• TASK: Exact copies of the lines from the start of the records through the line with "Yokai Takoyaki in Edo" are what the answer must hold; pictures are not part of it.

[Short descriptive text snippets]
++++++++++++++++++++
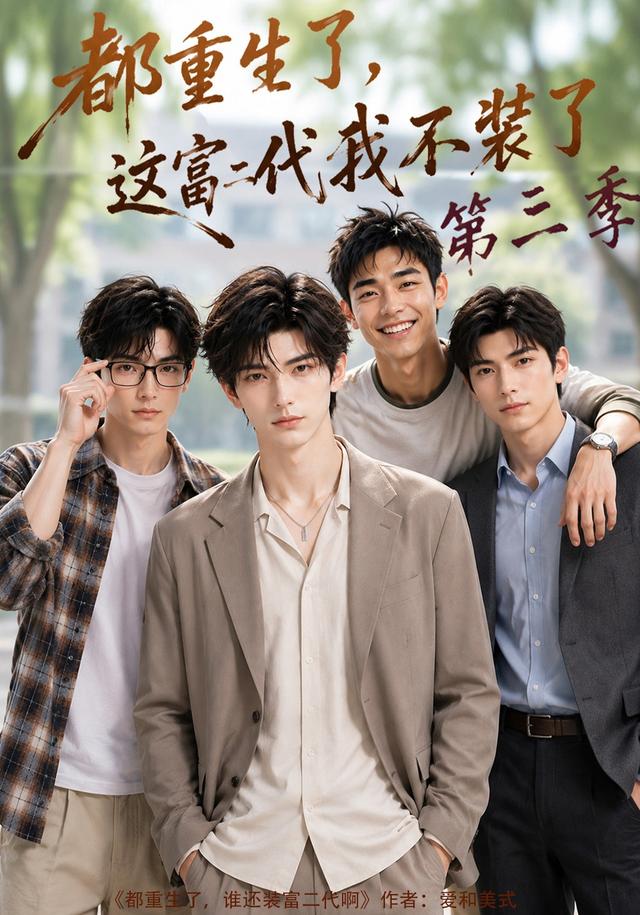 都重生了，这富二代我不装了第三季封面图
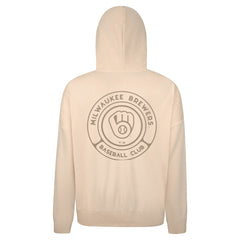Milwaukee Brewers Levelwear Contact Oversized Pullover Hoodie - MLB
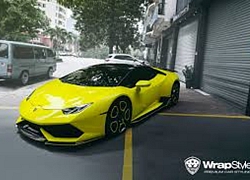 Đại gia Việt 'lột xác' Lamborghini Huracan biển 'san bằng tất cả' sang diện mạo mới chói loá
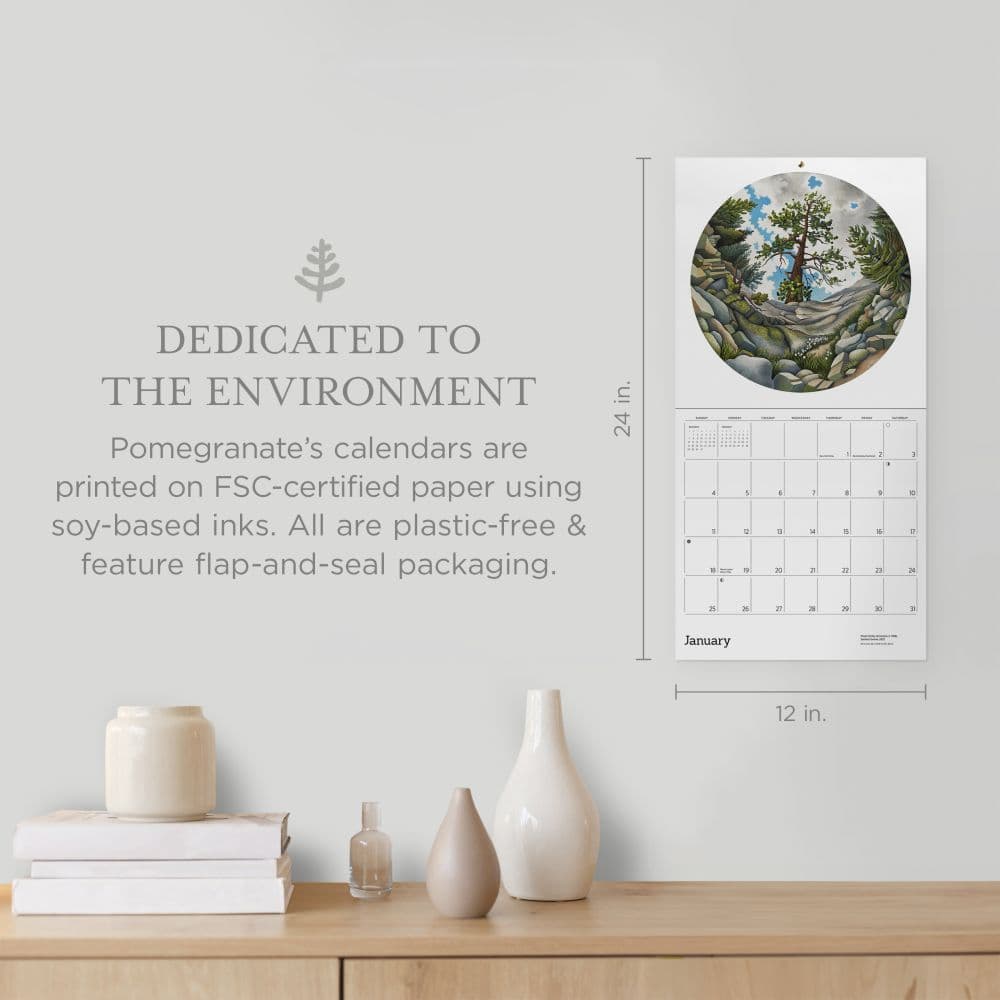 Nature Divine 2026 Wall Calendar by Phyllis Shafer Second Alternate Image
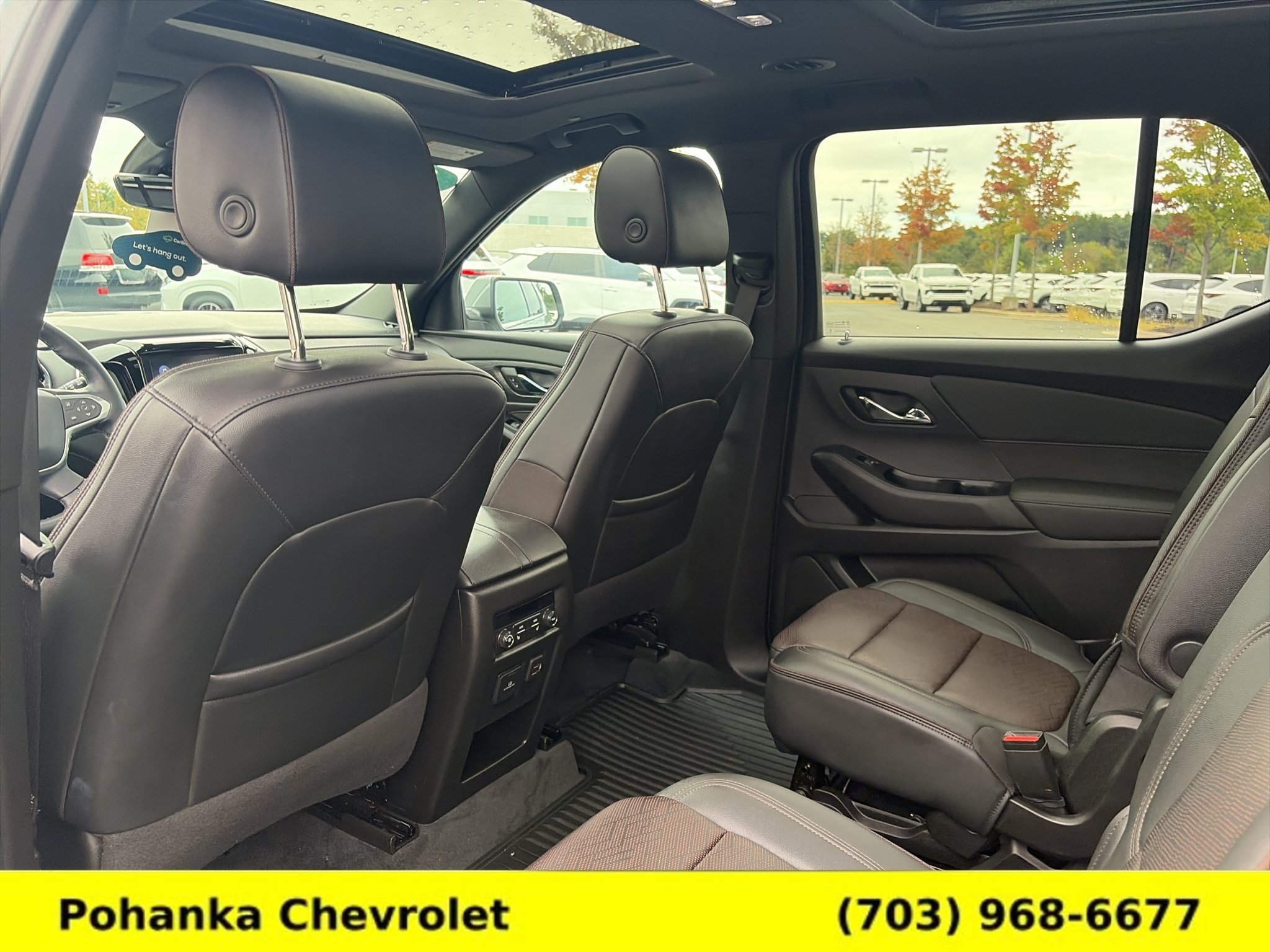 Certified 2023 Chevrolet Traverse High Country AWD/4WD image 20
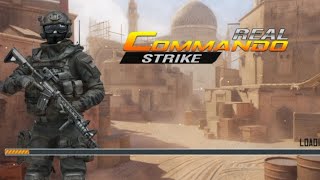Commando strike shooting game offline | real commando fight | 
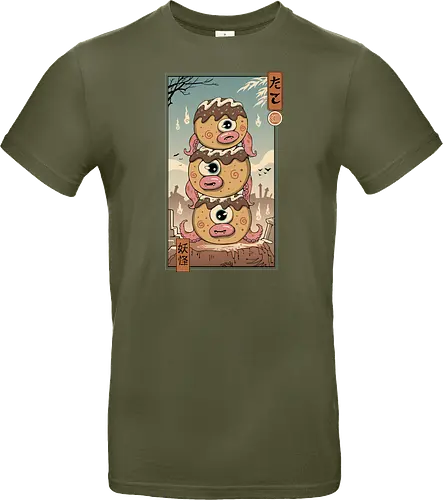 Yokai Takoyaki in Edo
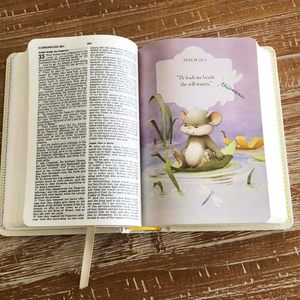 Libro illustrato con copertina rigida per bambini momenti consapevoli al servizio di stampa di libri di storia con copertina rigida prima di coricarsi - Product Image 4
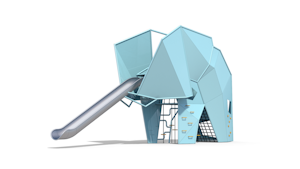 Lekstallning Origami Elephant - bild 1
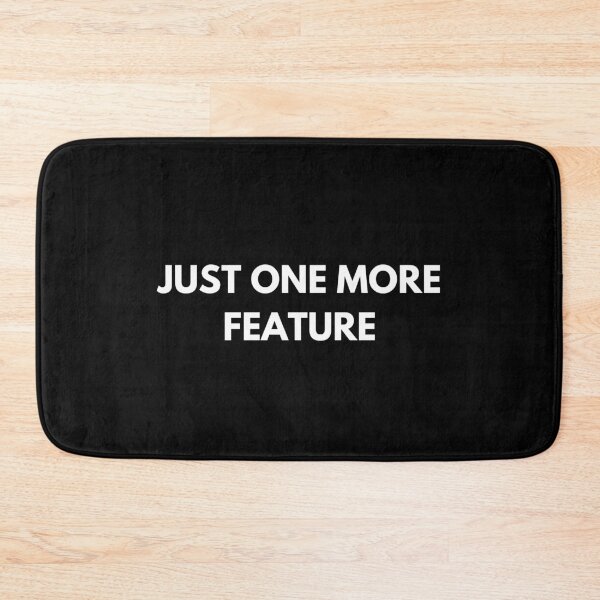 Item preview, Just one more feature designed and sold by sydney-syder.
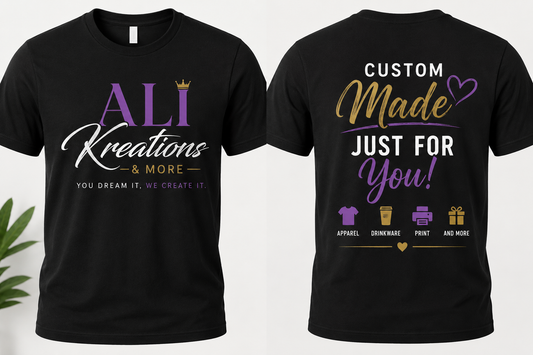 Custom Short Sleeve T-Shirt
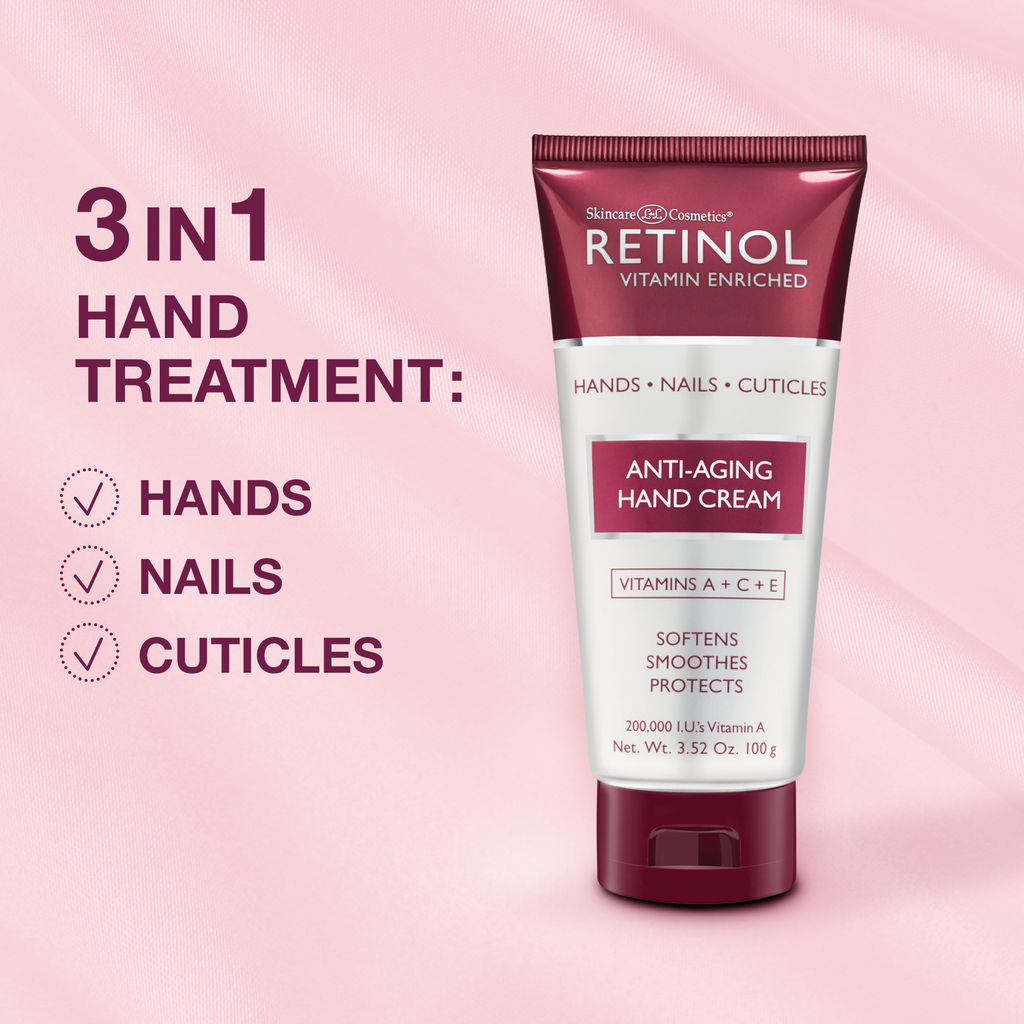 Luxurious and Ultra-Smoothing Hand Cream to Hydrate and Condition - Retinol Treatment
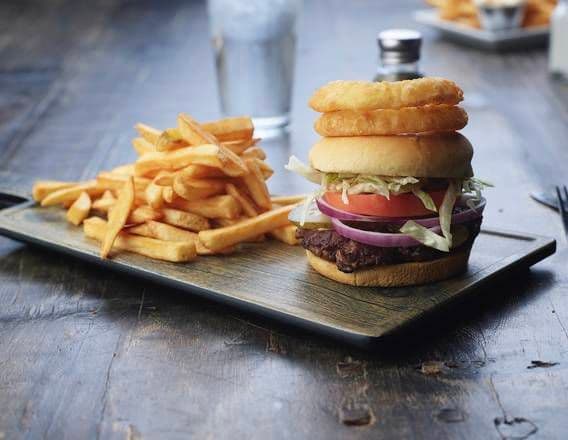 Old Fashioned Burger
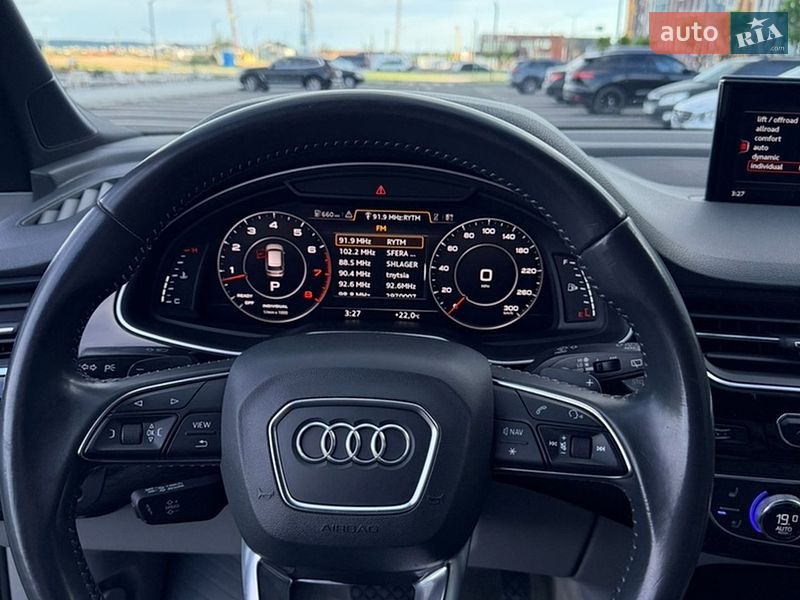 Внедорожник / Кроссовер Audi Q7 2016 в Ровно фото 33 Внедорожник / Кроссовер Audi Q7 2016 в Ровно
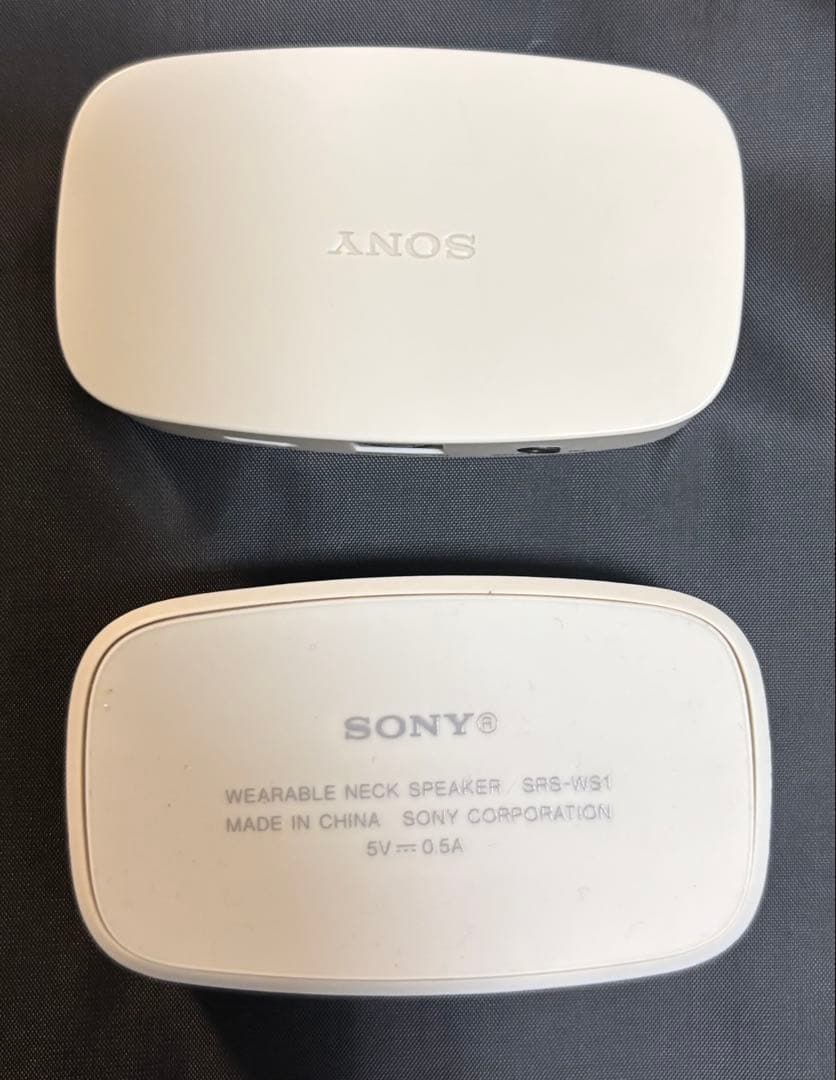 SONY ウェアラブルネックスピーカー　SRS-WS1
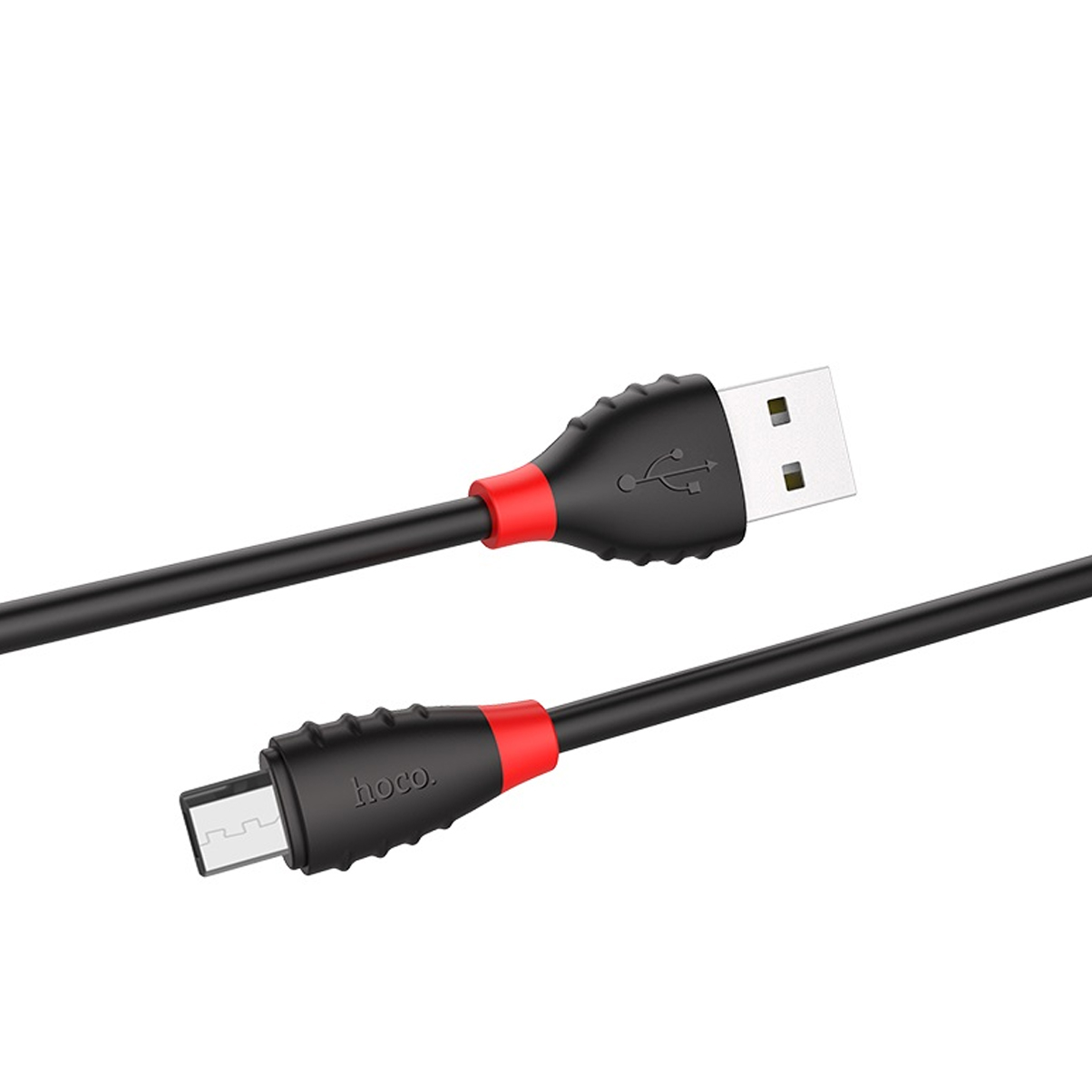 Cáp Sạc Hoco X27 Cổng Micro USB Dài 1.2m - Chính Hãng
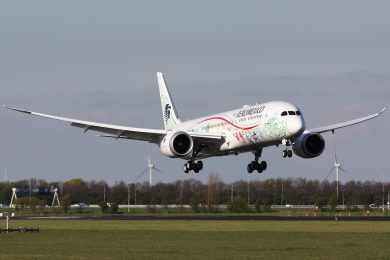 Aeromexico escala o Boeing 787-9 no voo para Guarulhos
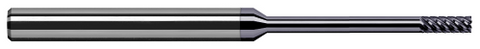 951908-C6 7 FL - 0.1250" (1/8) Cutter DIA x 0.3750" (3/8) LOC x 1.5000" (1-1/2) Reach - AlTiN Nano Coated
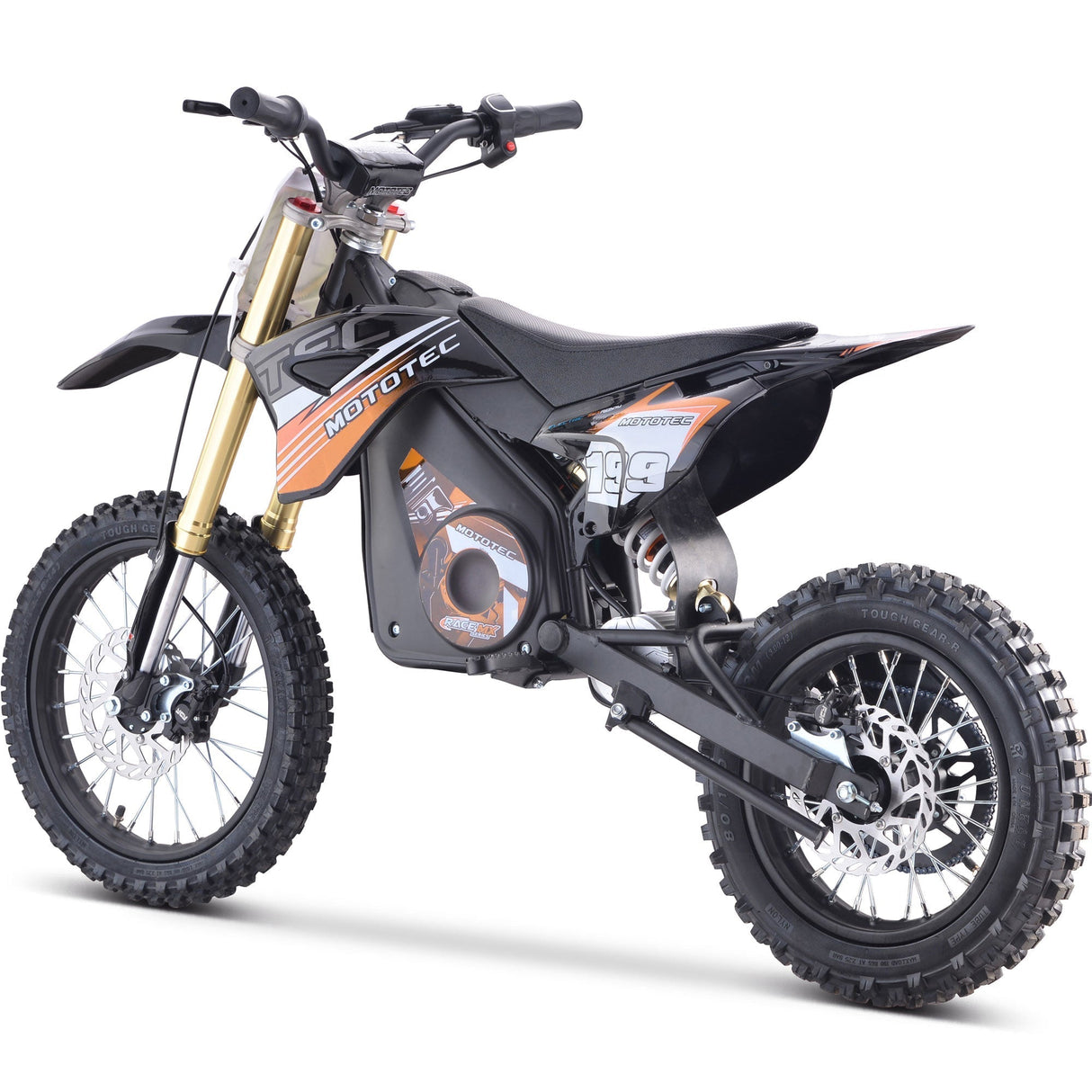 MotoTec | Pro 48V/13Ah 1800W Lithium Electric Dirt Bike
++++++++++++++++++++
• EXERCISE ANSWER:
 都重生了，这富二代我不装了第三季封面图
Milwaukee Brewers Levelwear Contact Oversized Pullover Hoodie - MLB
 Đại gia Việt 'lột xác' Lamborghini Huracan biển 'san bằng tất cả' sang diện mạo mới chói loá
 Nature Divine 2026 Wall Calendar by Phyllis Shafer Second Alternate Image
 Certified 2023 Chevrolet Traverse High Country AWD/4WD image 20
Commando strike shooting game offline | real commando fight | 
 Yokai Takoyaki in Edo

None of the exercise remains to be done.